Travel Insurance is pretty important to have in the unfortunate event that something happens to you, your plans, or your belongings during the trip. Based on my research, World Nomads seems to be the standard and most trusted option.
Having internet access is pretty important if you’re going somewhere unfamiliar, and you may not always find wifi. One option is to get a SIM card for every region you’re going to, but this may not be the best option if you…

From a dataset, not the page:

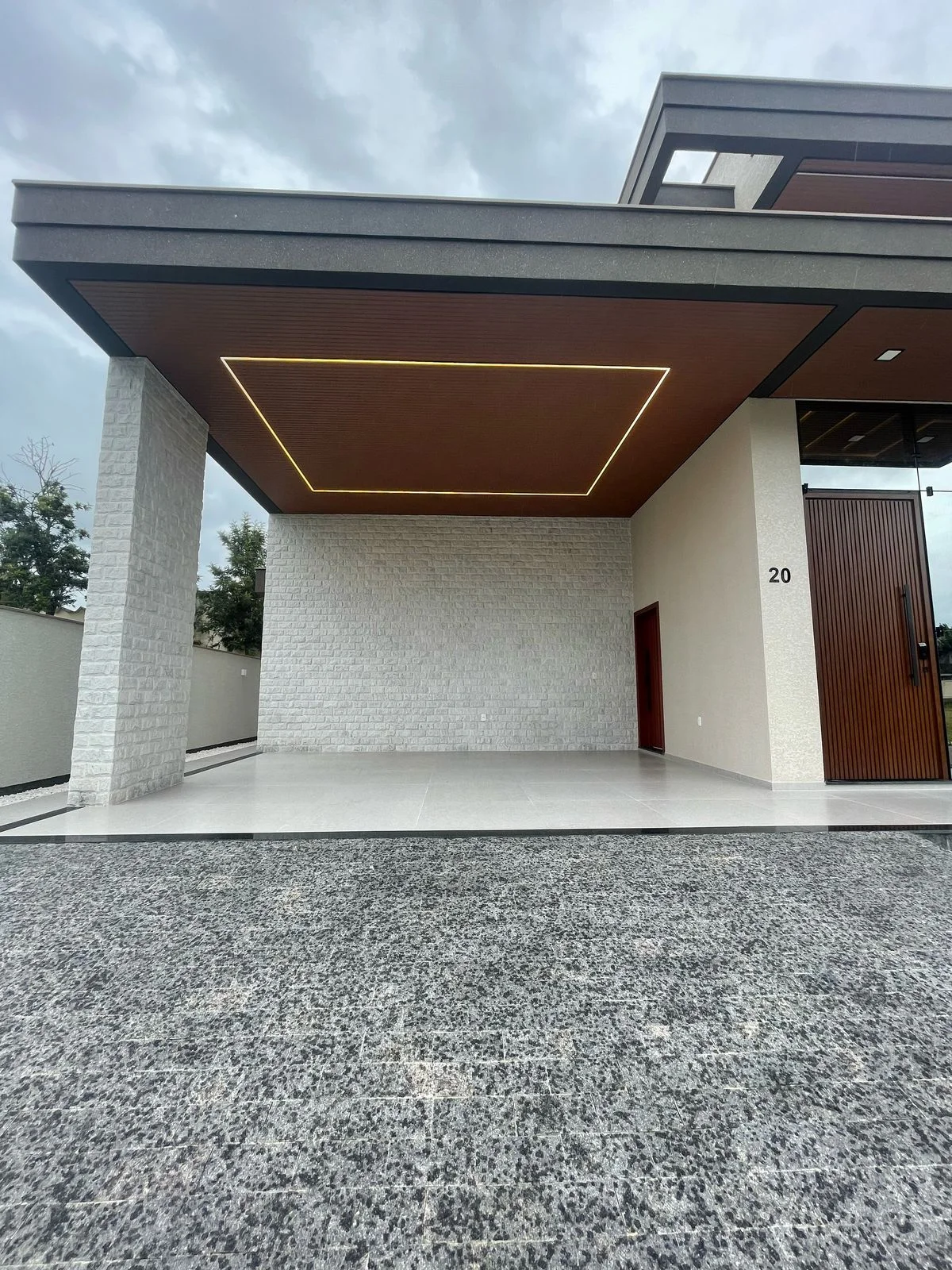 Exquisite Residence with Private Pool in Ingleses do Rio Vermelho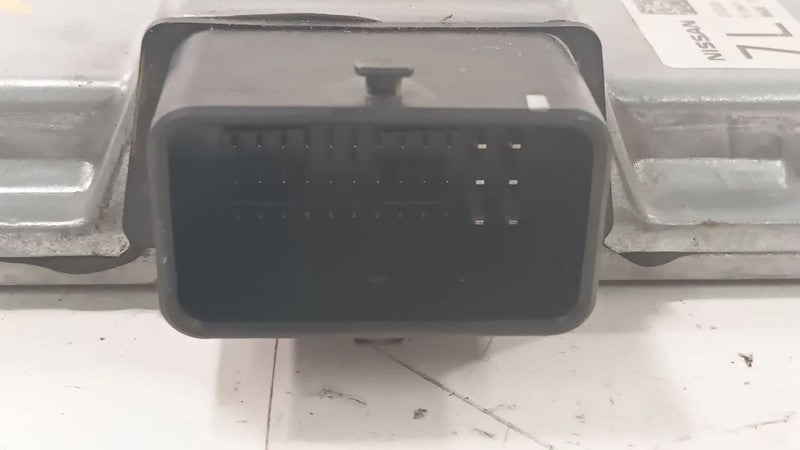 Transmission Mounted To Battery Tray VIN 5 Fits 14-16 ROGUE OEM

- Don’t have an unlocked phone (me)
- Are traveling to many different regions and don’t want to deal with the hassle of purchasing several SIM cards (me)
- Might use multiple devices (also me)
Instead, what I am using instead is a portable wifi hotspot by Skyroam Solis. There are other options out there, but this one was relatively inexpensive, lightweight, and reliable. I used it for a week in Italy, and it got the job done.
General Travel Hacks
Pack efficiently — any space saved is useful. This includes using packing cubes to organize everything and opting to roll smaller articles of clothing.
Don’t overplan — buy the longer flights beforehand to save money, but for many places like Southeast Asia and Europe, you can travel regionally cheaply and on a whim. The last thing you want is to be beholden to an itinerary that you will likely want to change after learning more from people you meet along the way.
If you want to rent a motorbike or car in a foreign country, get an International Driving License! It’s cheap and easy to get in the USA at any AAA office.
If you are staying in hostels (which I heavily recommend to those wanting an inexpensive and social experience), invest in a sleeping mask and earplugs. Your well-rested future self will thank me.
To avoid hassle, make sure all prescription medication has your name on the container and is in a ziplock bag.
Download Google Maps and language translations for where you will be visiting before you get there, in case you cannot find signal/wifi in a pinch.